Keinginan MUI untuk menetapkan produk hukum syariah  dalam menjawab permasalahan yang berkembang, patut diapresiasi. Sebab, meski mata air syariat  Islam mampu menjawab seluruh permasalahan manusia, tidak semua mata air tersebut siap saji untuk menjawab permasalahan. Dibutuhkan peran mujtahid/ulama untuk menggali hukum agar permasalahan baru bisa dihukumi dengan hukum syariat.

Meski demikian, Islam memiliki metode tertentu dalam menggali hukum agar produk hukum tidak keluar dari sumber utamanya, Al-Qur'an dan as-Sunah.

Produk hukum/fikih adalah ilmu tentang hukum syariat yang bersifat praktis yang digali dari dalil-dalilnya yang terperinci.
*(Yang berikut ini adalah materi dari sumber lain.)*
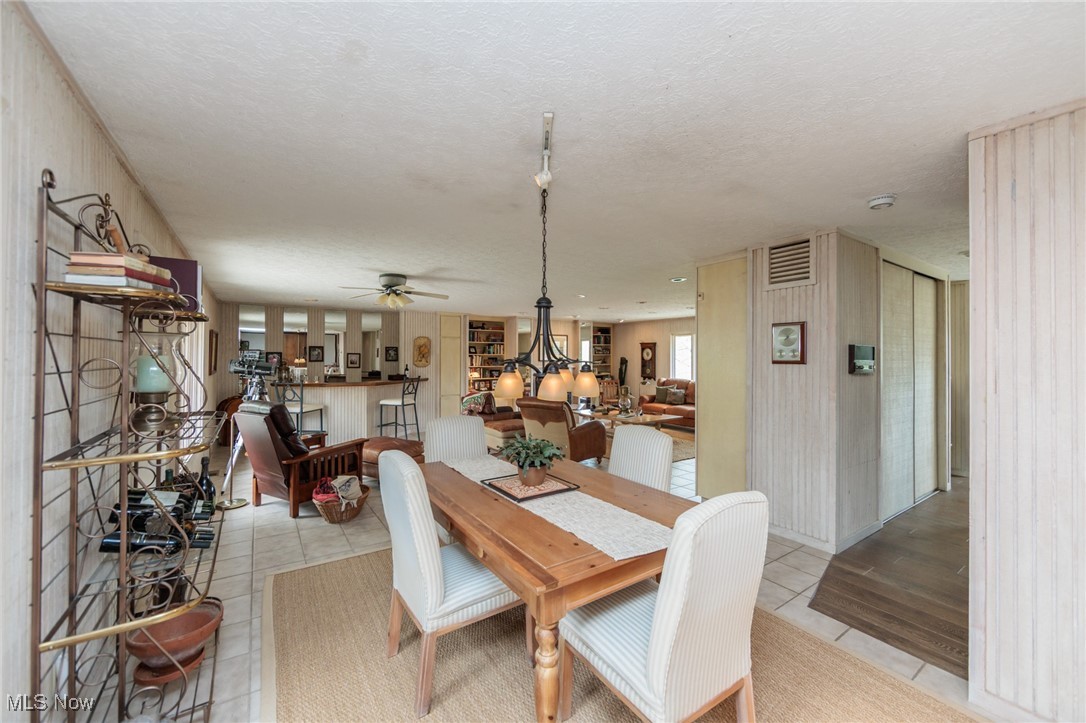 10830 Gate Post Road, Strongsville, Ohio image 7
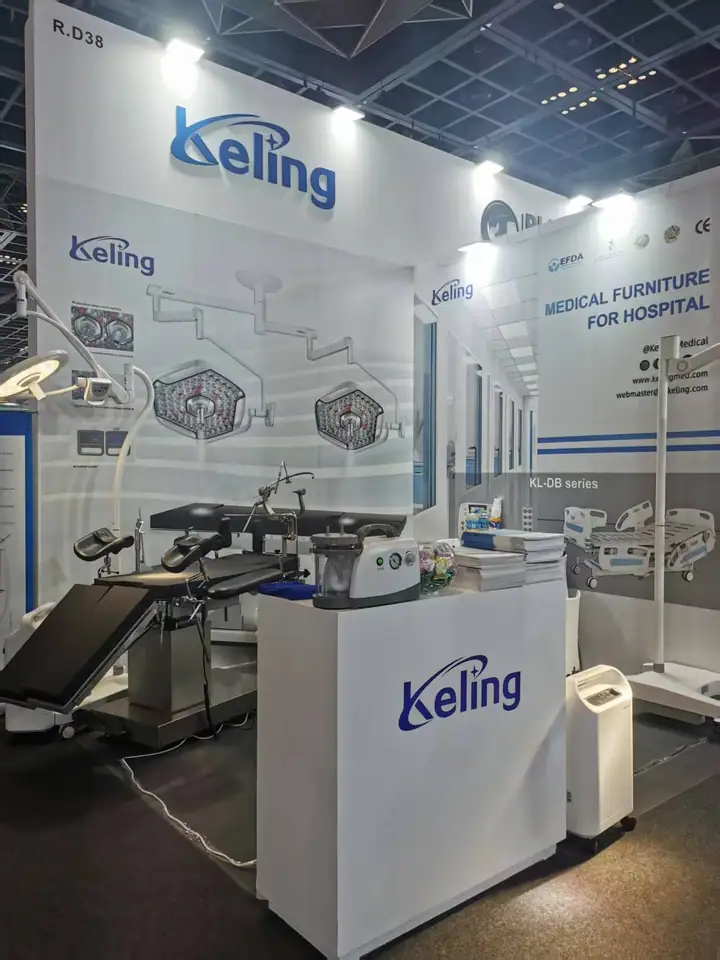 Keling Medical's stand with surgical lights at Arab Health in Dubai, where distributors meet manufacturers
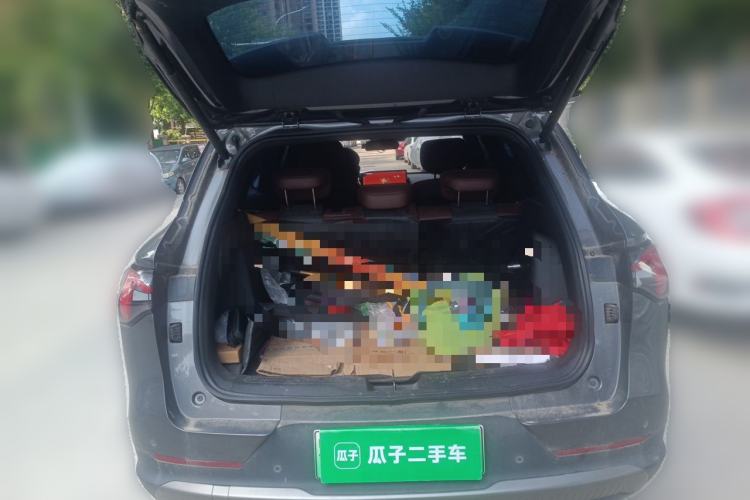 Used Wuling Xingguang S 2024 130 km Flagship Version Trunk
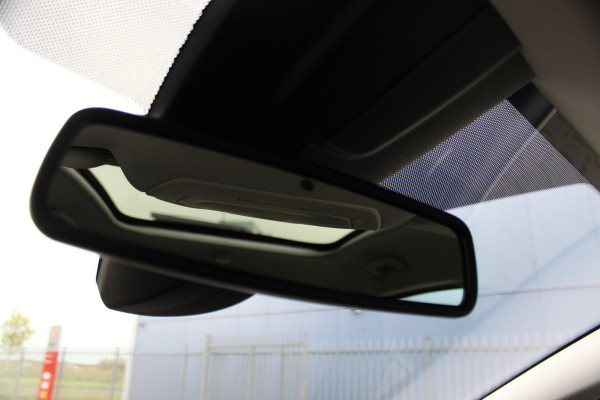 Ford C-MAX 1.0-125pk Titanium. Nette en goed onderhouden hoogzitter ! Volautm. airco dual, panoramadak, parkeersensoren, metallic lak,  telefoonvoorb., navigatie, LM wielen, Ford C-MAX 1.0-125pk Titanium. Nette en goed onderhouden hoogzitter ! Volautm. airco dual, panoramadak, parkeersensoren, metallic lak,  telefoonvoorb., navigatie, LM wielen,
Acuan dalam menggali hukum fikih adalah dalil sam’i, bukan dalil akli. Sebab,  hukum fikih  itu terkait dengan pahala dan dosa, sementara pahala dan dosa bersifat gaib. Akal tidak mampu  menentukan apakah suatu perbuatan itu mengandung pahala atau dosa. Yang mengetahui bahwa sebuah perbuatan itu mengandung pahala atau dosa hanyalah Allah Swt. Oleh karena itu,  dalam menggali hukum fikih,  wajib hanya  menyandarkan pada dalil-dalil sam’i yaitu Al-Qur'an dan sunah, bukan akli.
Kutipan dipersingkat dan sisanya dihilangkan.